• [WHAT IS BEING ASKED]
An exact copy is needed of the lines from the one that contains "Boxspringbed 160x200 cm" through the final line of the data below, with pictures left out.

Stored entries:

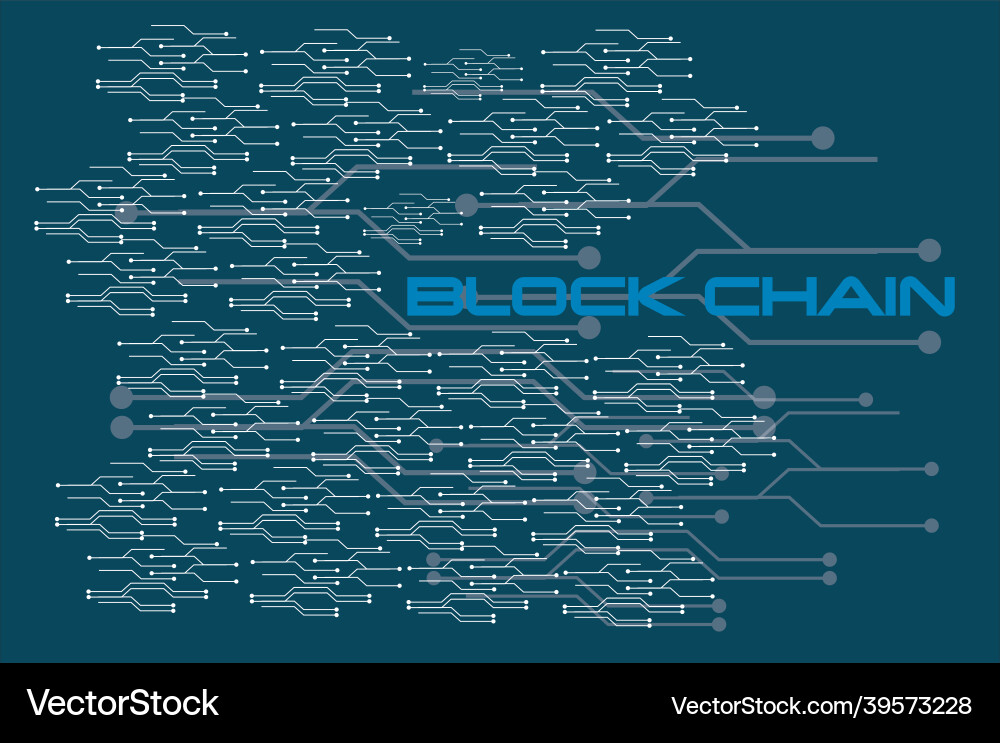 Blockchain background on a dark blue Royalty Free Vector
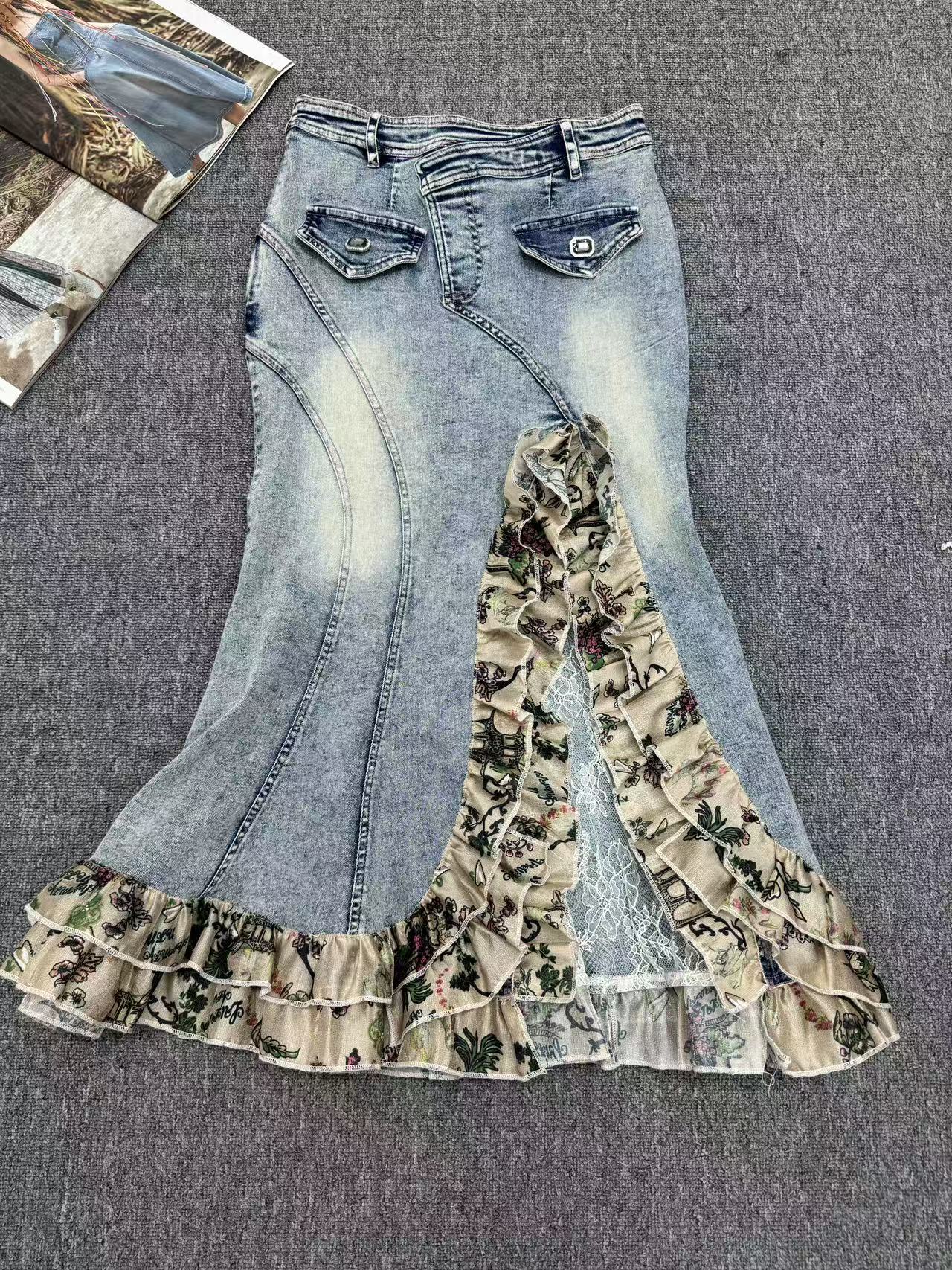 欧货女装重工复古蛋糕大摆鱼尾牛仔裙修身包臀花边半身裙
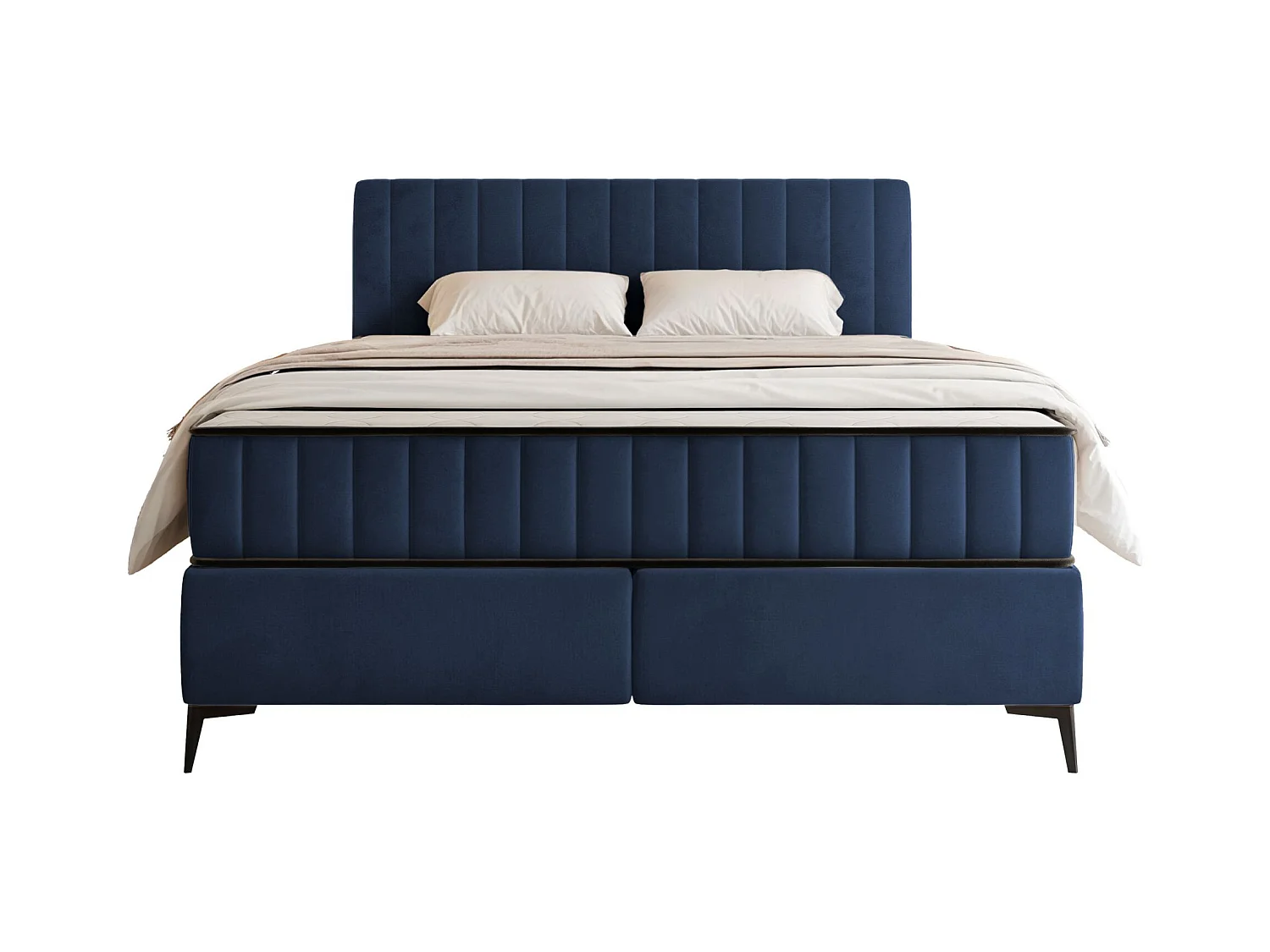 Boxspringbed 160x200 cm met opbergruimte – waterafstotend fluweel – donkerblauw - MUFASSO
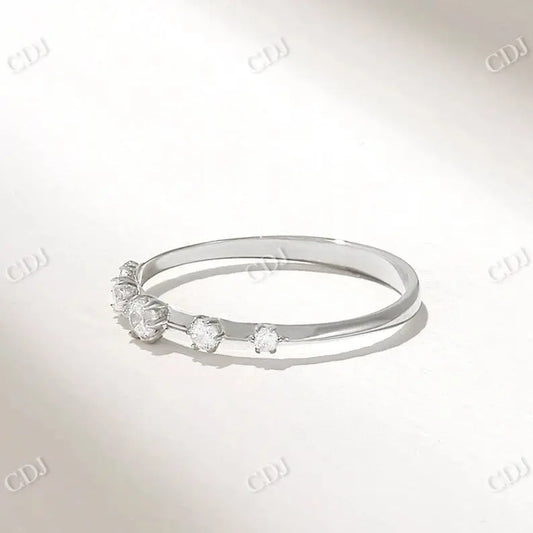 0.25CTW Round CVD Minimalist Diamond Wedding Band  customdiamjewel 10KT White Gold VVS-EF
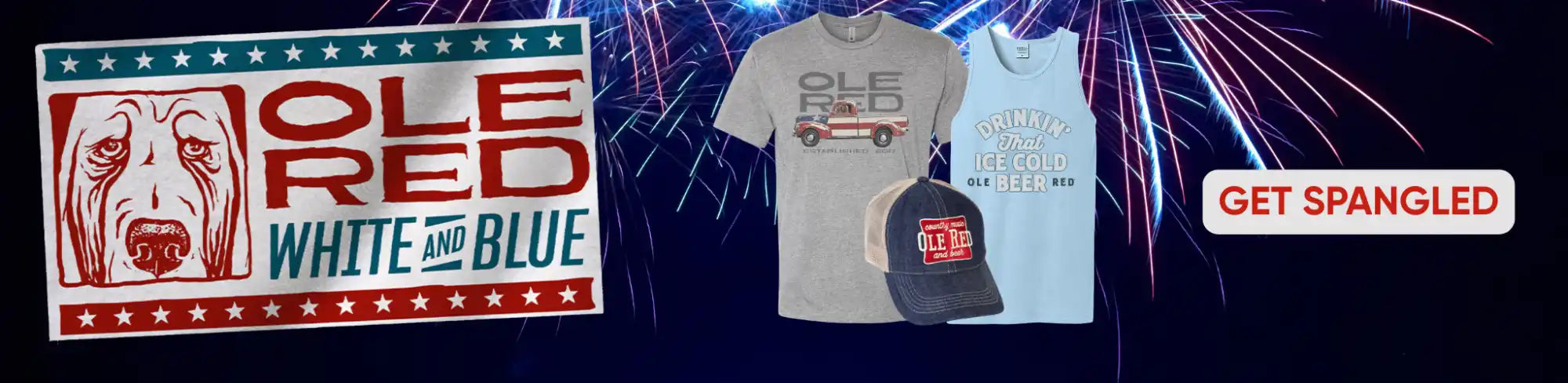 Apparel featuring an ’Ole Red, White and Blue’ theme with a basset hound graphic.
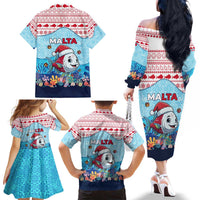 Malta Christmas Family Matching Off The Shoulder Long Sleeve Dress and Hawaiian Shirt with Santa Fish Malta Flag Coral Reef and Red Blue Festive Pattern Design - Wonder Print Shop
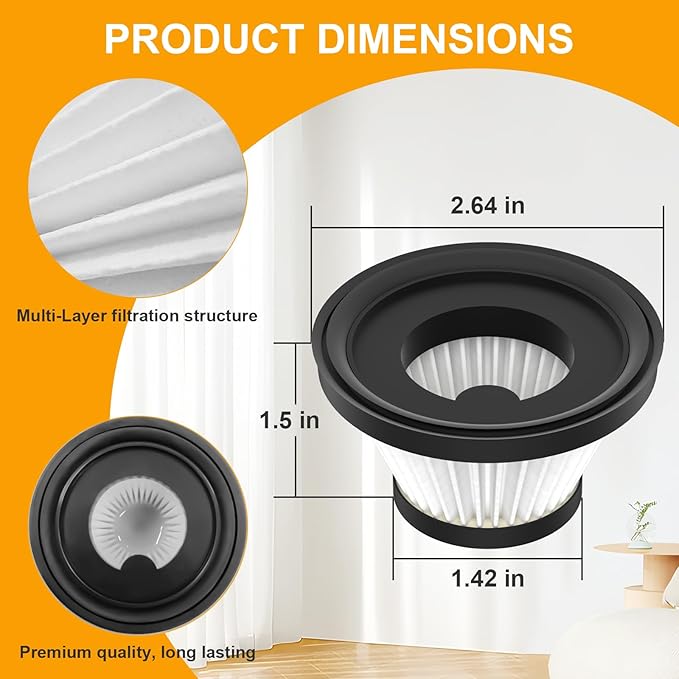 6 Pack Replacement Filters Compatible with Compact Handheld Portable Cordless Vacuum Cleaner AS Seen On TV, Washable Filters (Vacuum Not Included)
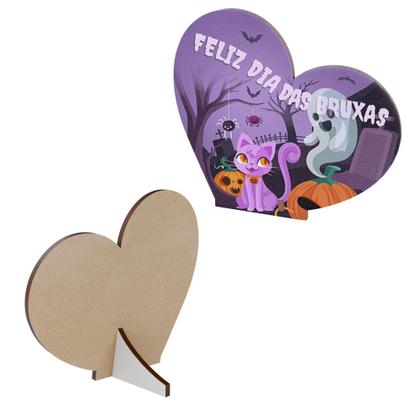 Imagem de Kit 15 Lembrancinhas Halloween Coração MDF Dia das Bruxas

• [ANSWER FOR THIS EXERCISE]
 Boxspringbed 160x200 cm met opbergruimte – waterafstotend fluweel – donkerblauw - MUFASSO
 0.25CTW Round CVD Minimalist Diamond Wedding Band  customdiamjewel 10KT White Gold VVS-EF
 Apparel featuring an ’Ole Red, White and Blue’ theme with a basset hound graphic.
 Malta Christmas Family Matching Off The Shoulder Long Sleeve Dress and Hawaiian Shirt with Santa Fish Malta Flag Coral Reef and Red Blue Festive Pattern Design - Wonder Print Shop
 6 Pack Replacement Filters Compatible with Compact Handheld Portable Cordless Vacuum Cleaner AS Seen On TV, Washable Filters (Vacuum Not Included)
 Imagem de Kit 15 Lembrancinhas Halloween Coração MDF Dia das Bruxas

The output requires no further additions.